I would like to add to this: There are numerous examples in technology, where we find that an actual reduction in performance of one parameter can lead to a perceived and sometimes actual improvement, in others. A good example in audio is dither, (noise shaped especially). By adding dither we actually reduce the dynamic range, yet we improve the perceived noise floor by masking the annoying noise of rounding errors.
My last word on this topic is, people do perceive more than science can explain. Our senses are intrinsically subjective, however the more experienced we become, the more we train our perception, the more OBJECTIVE we can become and obviously, your mileage may vary.

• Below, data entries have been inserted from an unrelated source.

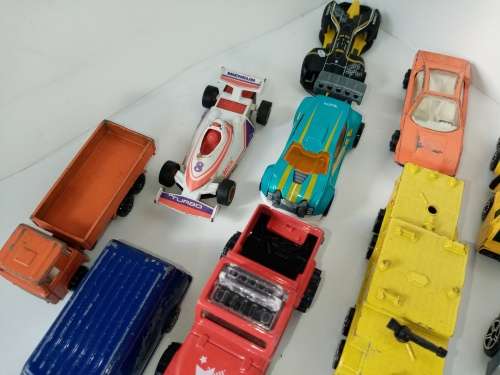 Die Cast Lot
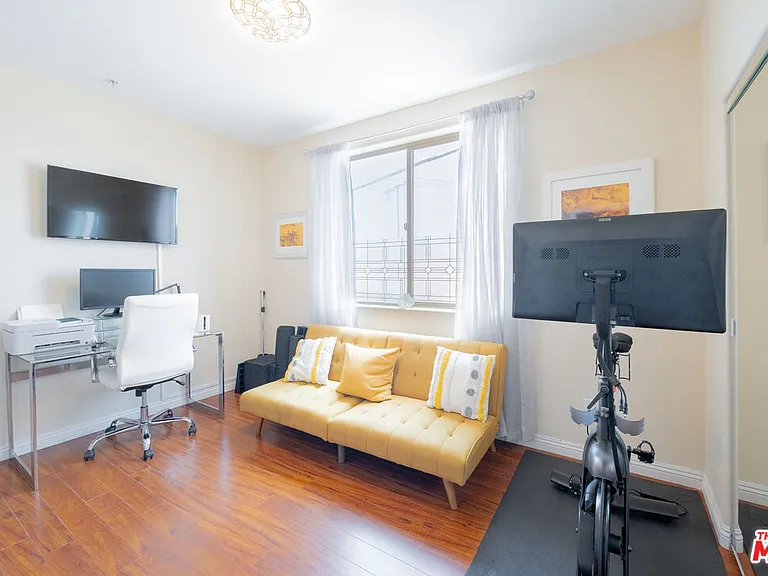 5254 Corteen Pl #10 — Photo 11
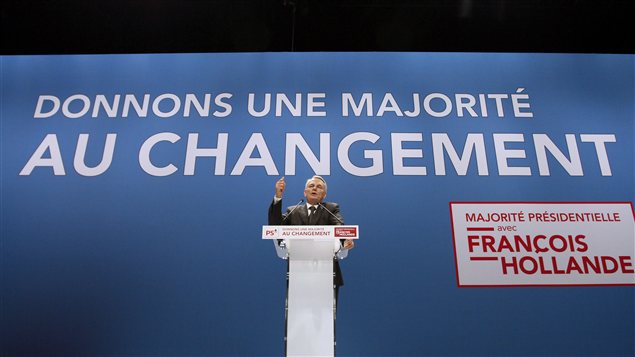 Le premier ministre Jean-Marc Ayrault lors de la campagne pour les élections législatives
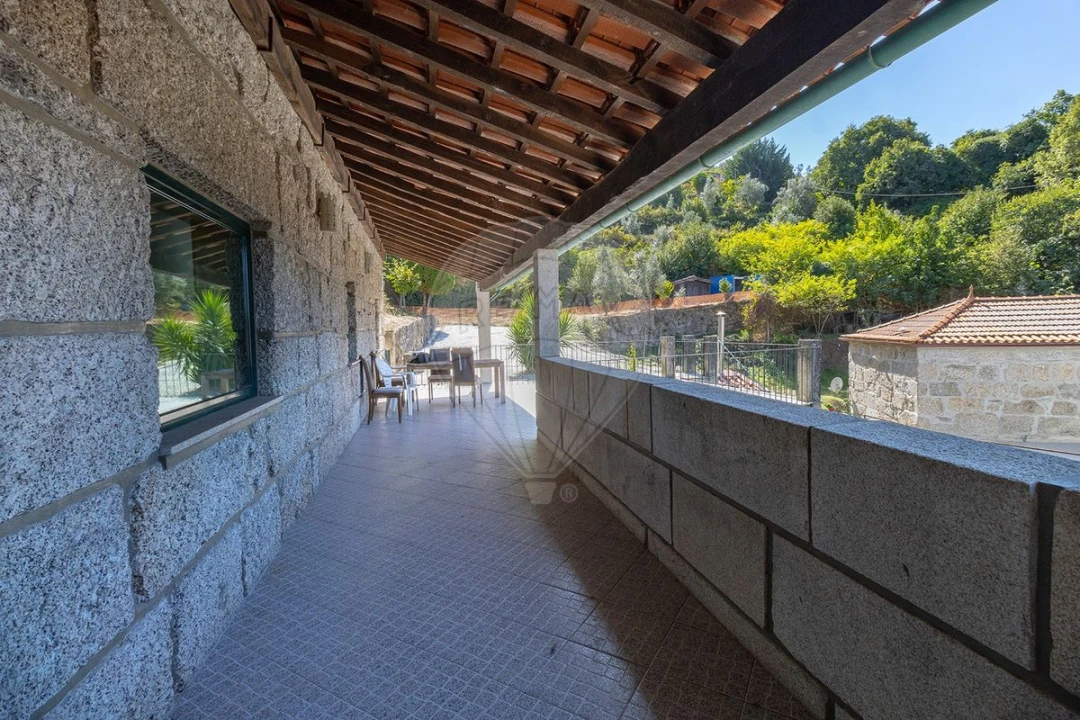 Moradia T4 para Venda em Vila Chã do Marão Foto 7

Lucas van der Mee Sr. Design Engineer Apogee Electronics
|
Just so everyone knows why Lucas being allowed to have the last word is horseshit....just look at this response...it doesn't even come close to answering the questions asked. AGAIN!!! This is fucking unbelievable. It reads like more marketing drivel.
Let me help you get started. The first question is this:
Quote: |
I. QUESTION: WHICH SOLUTION PROVIDES LESS JITTER AT THE AD LOCATION?
1. A REASONABLE FIXED CRYSTAL 2. BIG BEN DRIVING A CLOCK INTO A CHASSIS EQUIPPED WITH A PLL VIA A 10 FOOT CABLE?
|
It has TWO possible answers. #1 or #2. The answer "Big Ben is a good master clock" is not one of the choices.
I have been insisting on getting an answer to question II, and the question has been systematically dodged EVERY SINGLE TIME.
Quote: |
II. QUESTION: CAN ONE EVER CANCEL OR REDUCE A RANDOM NOISE AT ONE END OF A CABLE WITHOUT KNOWING WHAT KIND OF JITTER ACTIVITY IS OCCURRING AT THE OTHER END? (can one cancel, remove or reduce the receiver and PLL noise, some of it unknown, some totally random, by driving it with a clean low jitter clock? Driving it with any clock?)
|
We still need an answer as to how an external clock, even with "magic jitter" that sounds "better", would avoid the added jitter of a cable link, line driver/receiver, internal converter PLL, etc. Even with the "magic jitter", the PLL induced jitter alone will result in a far more jittery clock input at the converter chip. And a good chunk of that jitter is all induced POST BIG BEN!!! How can this be guaranteed to sound better?
How can your device plan for and remove the effects of cabling and a PLL driving a converter chip from the outside? How can it know what to correct without a feedback loop?
You still have not answered the question.
Chris
PS - just for the record, I don't own any Apogee or Lavry gear, so my obnoxiousness on this topic is not related to personal "gear pride".